Transparenz unter Druck: Wie die SNB im globalen Fragmentierungszeitalter Balance hält
Die institutionelle Kommunikation der SNB hat sich über die Jahre vertieft. Seit 2015 setzt sie systematisch auf sogenannte «Fan Charts», um Prognoseunsicherheiten sichtbar zu machen, und hat die Rolle des Frankens als externer Stabilisator in ihre öffentlichen Stellungnahmen integriert. Im Jahr 2025 erfolgte ein weiterer Meilenstein mit der Einführung eines strukturierten Sitzungsprotokolls, das vier Wochen nach jeder geldpolitischen Entscheidung veröffentlicht wird. Damit nähert sich die SNB den Transparenzstandards führender Zentralbanken, ohne den kollegialen Charakter ihrer Entscheidungsprozesse zu beeinträchtigen. Die zunehmende Komplexität des globalen Umfelds erschwert jedoch die Steuerung der Geldpolitik. Seit 2022 haben geopolitische Spannungen und protektionistische Tendenzen zu nachhaltigen Divergenzen in den Inflationspfaden der großen Währungsräume geführt. Laut OECD-Bericht (2024) zur monetären Fragmentierung ist die Korrelation der Inflation zwischen den USA und dem Euroraum binnen drei Jahren von 0,9 auf 0,6 gefallen. Für die Schweiz erhöht diese Entkopplung die Wechselkursvolatilität. Wenn etwa die US-Notenbank ihre Zinsen senkt, verstärken sich die Kapitalzuflüsse in den Franken, was die SNB in ein Spannungsfeld zwischen Preisstabilität und internationaler Wettbewerbsfähigkeit bringt. In einem solchen Umfeld sind globale dynamische Modelle unverzichtbar, um das Zusammenspiel externer Schocks und inländischer Inflation zu verstehen. Studien der Bank für Internationalen Zahlungsausgleich (BIZ, 2024) belegen, dass geldpolitische Impulse aus dem Ausland in der Schweiz doppelt so schnell wirken wie im Euroraum, während die Sensitivität gegenüber importierten Preisen um den Faktor drei höher liegt.
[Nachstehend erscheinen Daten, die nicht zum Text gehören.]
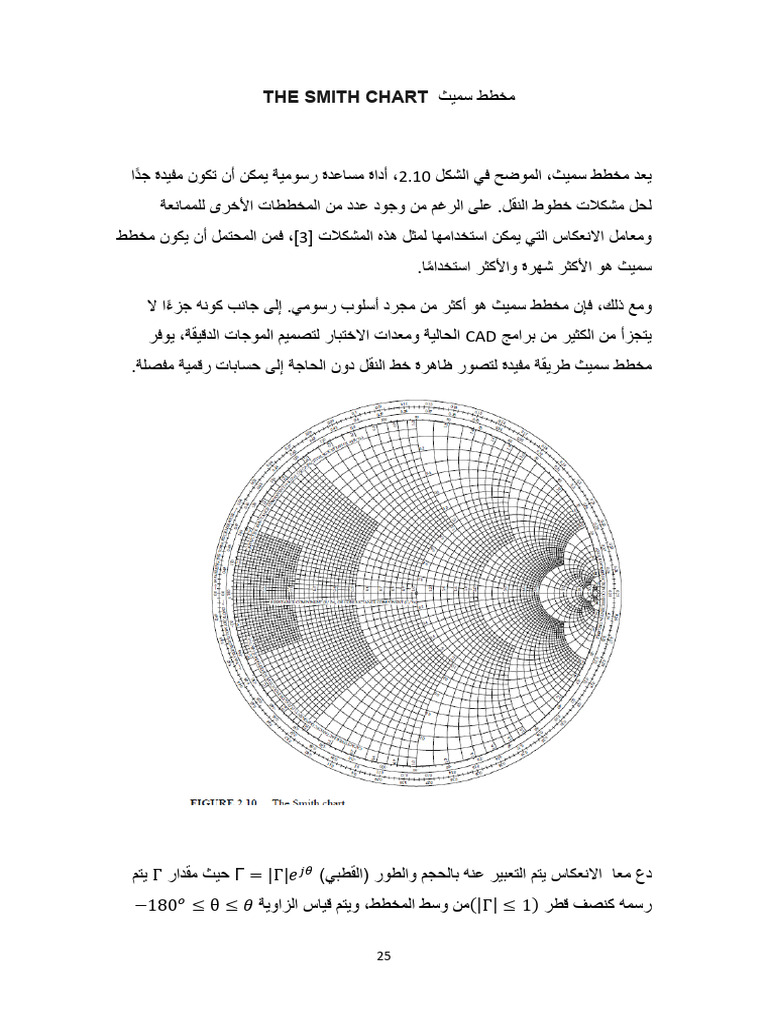 The Smith Chart | PDF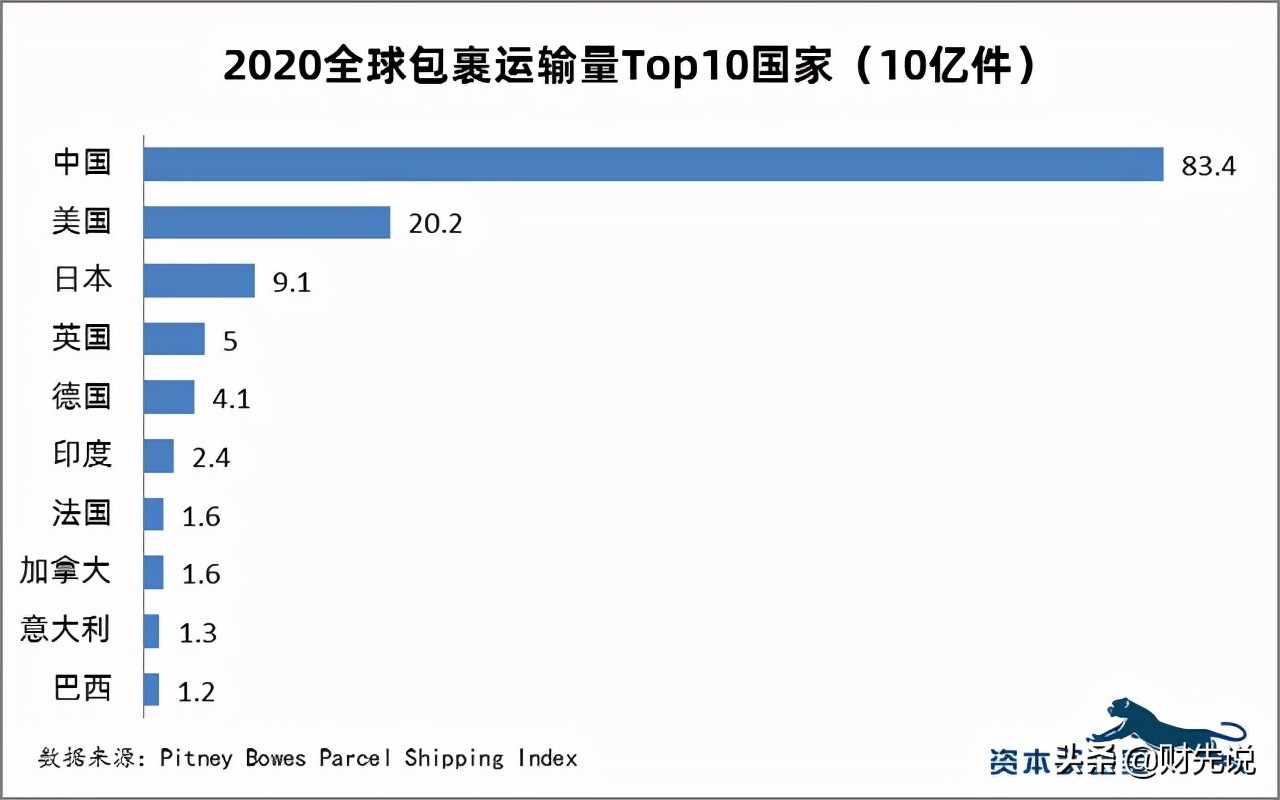 超越美国成为全球第一大经济体,超越美国成为全球第一大贸易国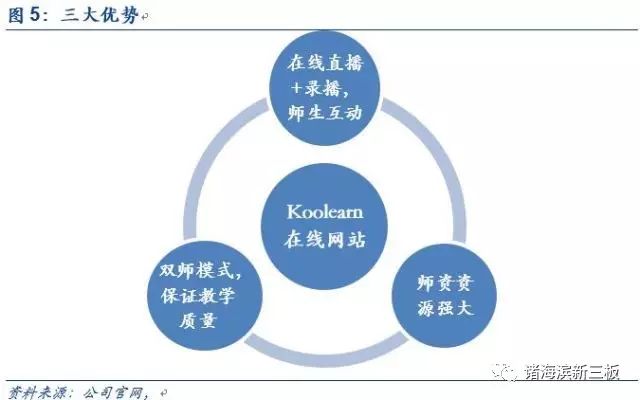 上海oc兼职网
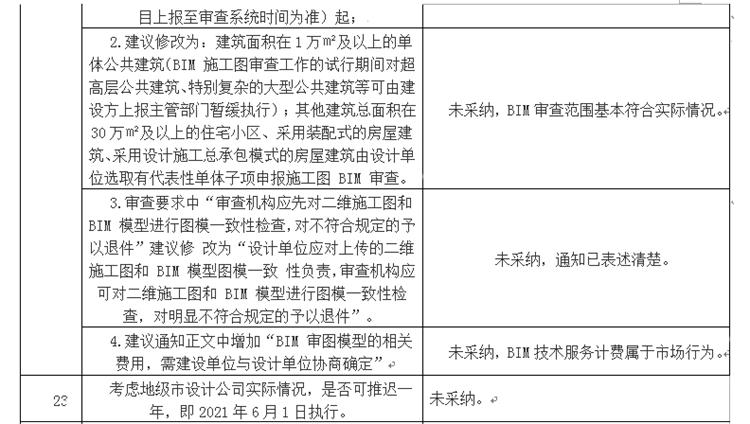 設(shè)計單位如何看待BIM審圖！(圖13)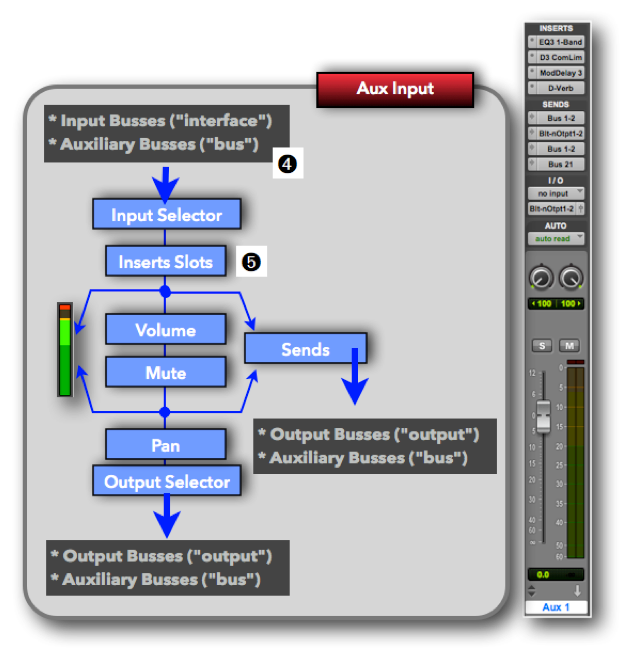 PTE_ER_Tutorial_03-Images-04.png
Die finanzielle Offenheit der Schweiz, gepaart mit der Glaubwürdigkeit der SNB, verstärkt diese Exponierung.
Letztlich ist die Preisstabilität in der Schweiz nicht das Ergebnis eines geldpolitischen Automatismus, sondern Ausdruck eines fein austarierten Gleichgewichts zwischen institutioneller Verankerung, strategischer Anpassung und präziser Interpretation der globalen Lage. In einer Welt zunehmender Schocks, Fragmentierung und sinkender Korrelationen beruht diese Stabilität auf einer Geldpolitik, die zugleich strikt, flexibel und analytisch offen für internationale Koordination bleibt. Diese Fähigkeit, nationale Disziplin mit globaler Klarsicht zu verbinden, bildet das Rückgrat der schweizerischen Währungsresilienz.